司馬の原作は、近代化の道を突き進み、ついに日露戦争に勝利する明治日本の歩みを、旧伊予国(愛媛県)松山出身の秋山好古・真之兄弟および正岡子規の大志と立身出世を通じて描いた長編歴史小説である。いわば近代日本の青春期を、この時代の若者の青春群像と重ねた作品で、現在に至るまで読み継がれている。政治家や経営者が好きな歴史小説として挙げる筆頭でもある。
実のところ、歴史学界においては同作への評価は芳しいものではない。日露戦争を祖国防衛戦争として正当化し、朝鮮半島などへの侵略的性格を隠蔽している、といった批判の声が強い。だが、司馬が明治日本の明るさをすくい上げたことは否定できない。影の部分を捨象した一面的叙述という非難は成り立つだろうが、司馬が明治日本の光を捏造したわけではない。司馬が描いた明るさは一面の真理なのである。
では明治日本の明るさとは何か。議会が成立し、不十分ながらも国民が政治参加できるようになったことだろうか。それとも、一定の言論の自由が保障されたことだろうか。そうではなく、司馬が同作などで語っているように、本人の努力次第でのし上がって行けるチャンスの大きさこそがその本質であろう。
坂本龍馬が慶応3年(1867年)6月に起草したとされる新政府設立のための政治綱領「新政府綱領八策」の第一条は、「天下有名ノ人材を招致シ顧問ニ供フ」である。江戸時代の社会は厳しい身分制度の上に成り立っていたから、「天下有名ノ人材を招致シ」という言葉には、身分にとらわれず優秀な人材を集めるという含意がある。龍馬は、身分制の解体、努力が報われる社会の実現こそが新時代に求められる最重要の課題と考えていたのである。
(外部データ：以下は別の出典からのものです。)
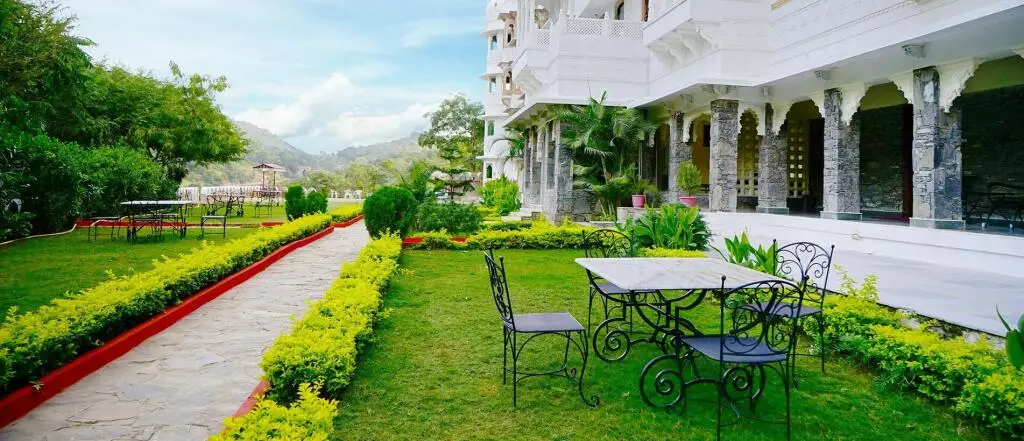 Садри: Kavish The Haveli Resort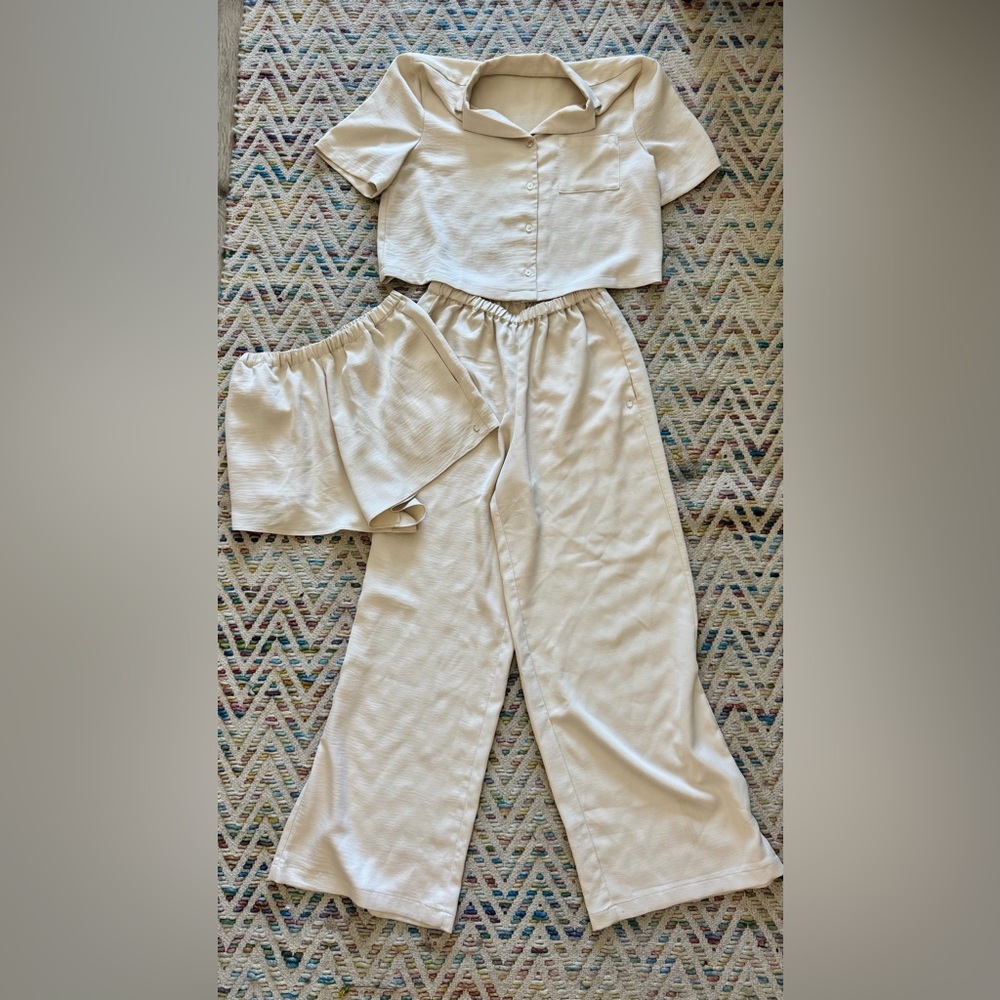Fabletics Flourish Pajama 3 Piece Set in Tapioca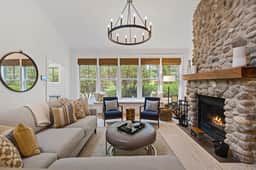 Bella and Dulce's Lakehouse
上に見た龍馬の考えは、龍馬死後に成立した新政府において実際に採り入れられる。旧幕府軍と戦っている最中の明治元年(1868年)3月14日、新政府は統治の基本方針である「五箇条の御誓文」を公布した。明治維新の高邁な政治理念を示すことで、幕府から新政府への政権交代に対する人々の支持を集めようとしたのである。